Em casa, Inês despiu rapidamente o casaco e dirigiu-se ao quarto. Passados instantes, voltou a descer segurando uma folha branca na mão.
- Olha, mãe! – exibiu orgulhosamente a pequena.
No meio da folha, destacando-se de um fundo cinzento, um lindo arco-íris elevava-se na folha resplandecente iluminando os olhos de quem o apreciava.
- Este não desaparece, mãe… - assegurou a pequena sonhadoramente.
(Aos meus jovens leitores, sobretudo aos de S. Tomé e Príncipe, onde parece haver inúmeros... Abraço!)
Inês andava intrigada. Olhava para todos os lados e não compreendia. O que era aquilo? Era tão forte que até quase não a deixava abrir os olhos. Por mais que se voltasse, ela encontrava-se em todo o lado, inundando toda a paisagem de uma força incrível, e dando-lhe um aspecto mágico e acolhedor. Era aquela luz que lhe aquecia a cabeça nos dias de maior calor, e lhe dava a oportunidade de brincar calmamente, fora de casa, à sombra.
- Que luz era aquela? – interrogava-se a pequena.
Os brinquedos inanimados a seu lado, esperavam pacientemente pela atenção da dona, que parecia profundamente distraída com algo que eles desconheciam. Também eles estavam admirados, mas o seu espanto devia-se à incompreensão da atitude da pequena, que abandonara subitamente a brincadeira onde havia estado imersa, durante uns profundos longos minutos. Permaneciam parados olhando na direcção do céu, onde algo captava a atenção da pequenita, que se limitava a mudar de posição, como o girassol, continuando a olhar para os lados e para cima.

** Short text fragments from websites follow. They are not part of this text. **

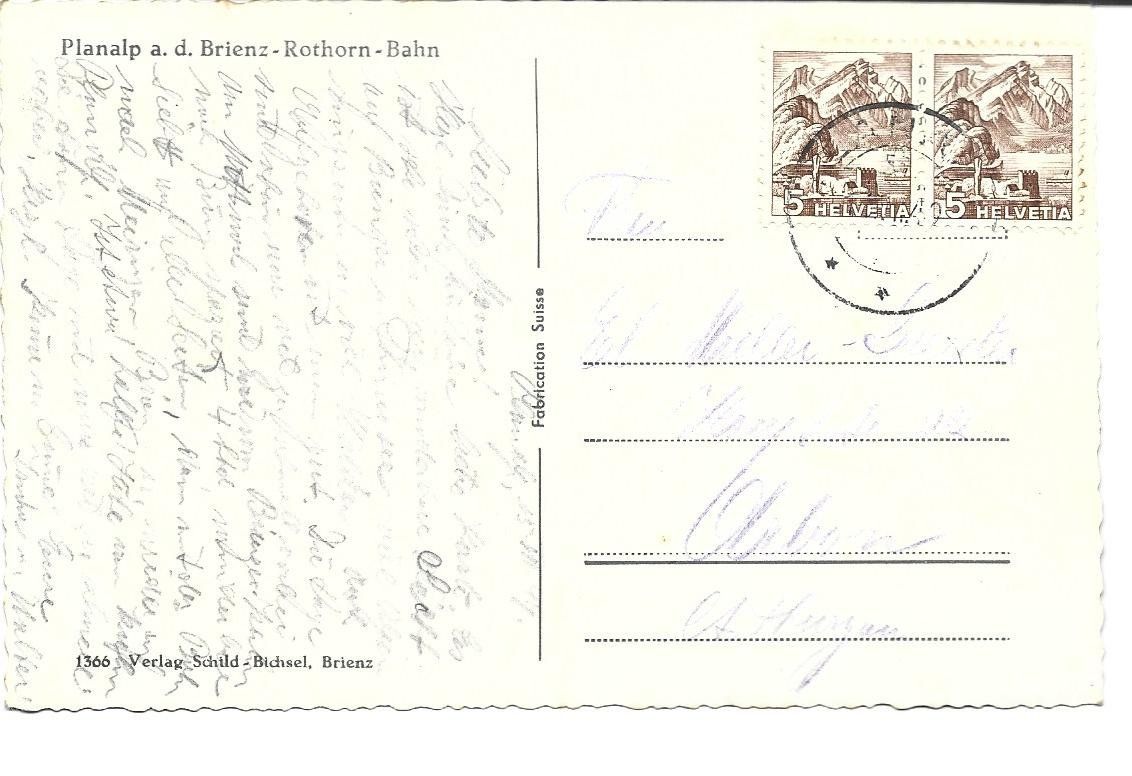 Cartoline postali: AK Bahn Brienzer-Rothorn – Usato da Appenzell venduto da mai25 1
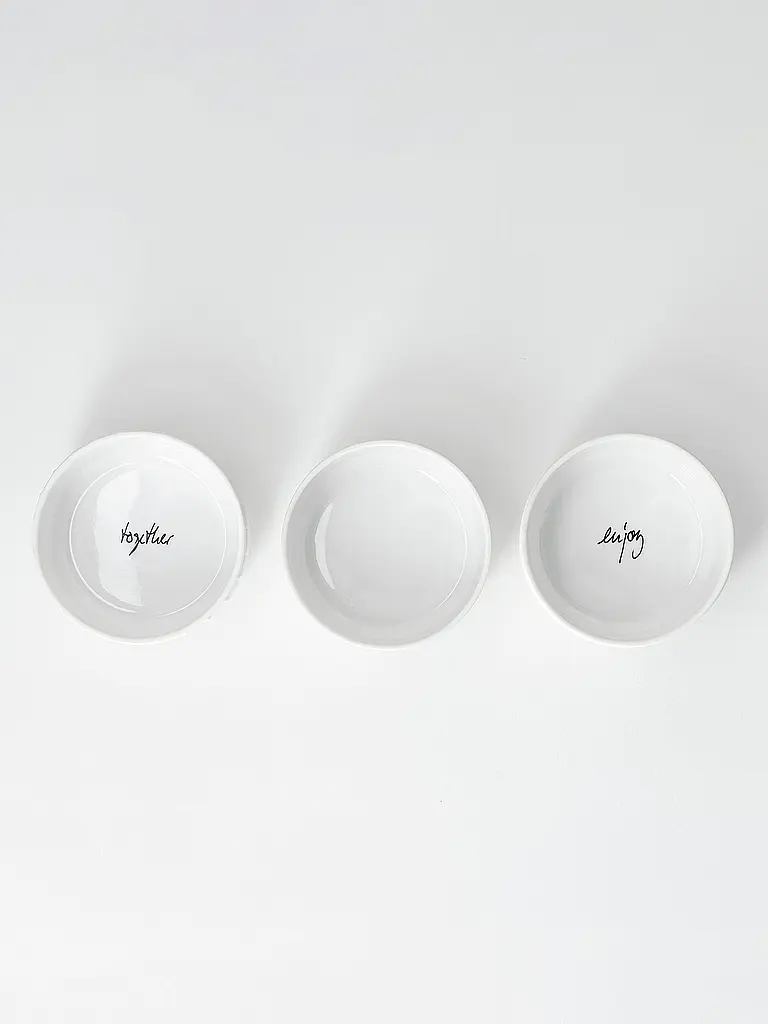 RAEDER | Schälchen 3er Set Häppchenweise | weiss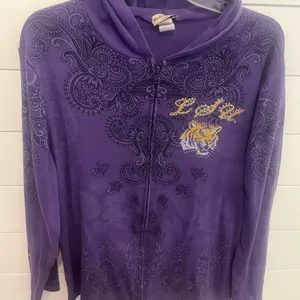 LSU women’s zip front jacket with hood‎ size XXL thumbnail 2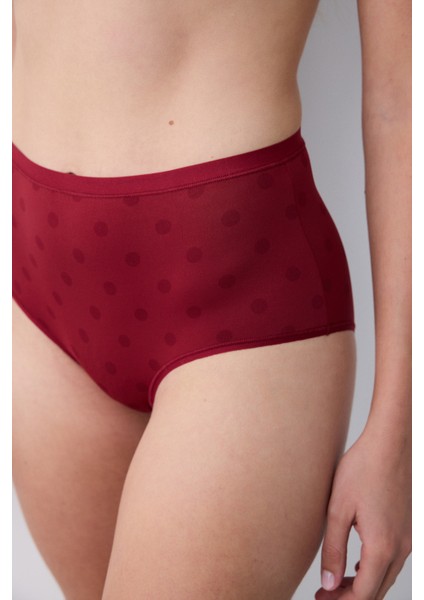 Essentials Highrise Bordo Slip Külot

Chegou mesmo a levantar-se e a esquadrinhar o jardim da casa, seguindo um raciocínio que ela não partilhava com ninguém. Alguns bonecos olhavam incrédulos o céu, para onde ela os deixara virados, quando se havia decidido a parar a brincadeira. Não sabiam o que se passava. Ela não se aborrecera da brincadeira, eles não a haviam incomodado com nada. O que se passaria? Ela parecia agora ter iniciado uma brincadeira que outros, os que se encontravam encostados à parede, não compreendiam. Ela parecia executar uma dança estranha, sempre atenta a algo que eles não compreendiam o que era. Mantinham-se parados, estupefactos, olhando aquela estranha dança que parecia não ter fim. Mesmo eles pareciam atraídos pelos movimentos enigmáticos da gaiata, não conseguindo desviar os olhos dela. O que estaria ela a fazer? O que lhe prendia tanto a atenção a ponto de esquecer os seus amiguinhos? Ao princípio, eles haviam ficado um pouco contrariados, tinham que admitir, tal era o entusiasmo da brincadeira mas, depois, haviam-se limitado a ficar ali, presos àquela nova e inesperada brincadeira inventada pela miúda.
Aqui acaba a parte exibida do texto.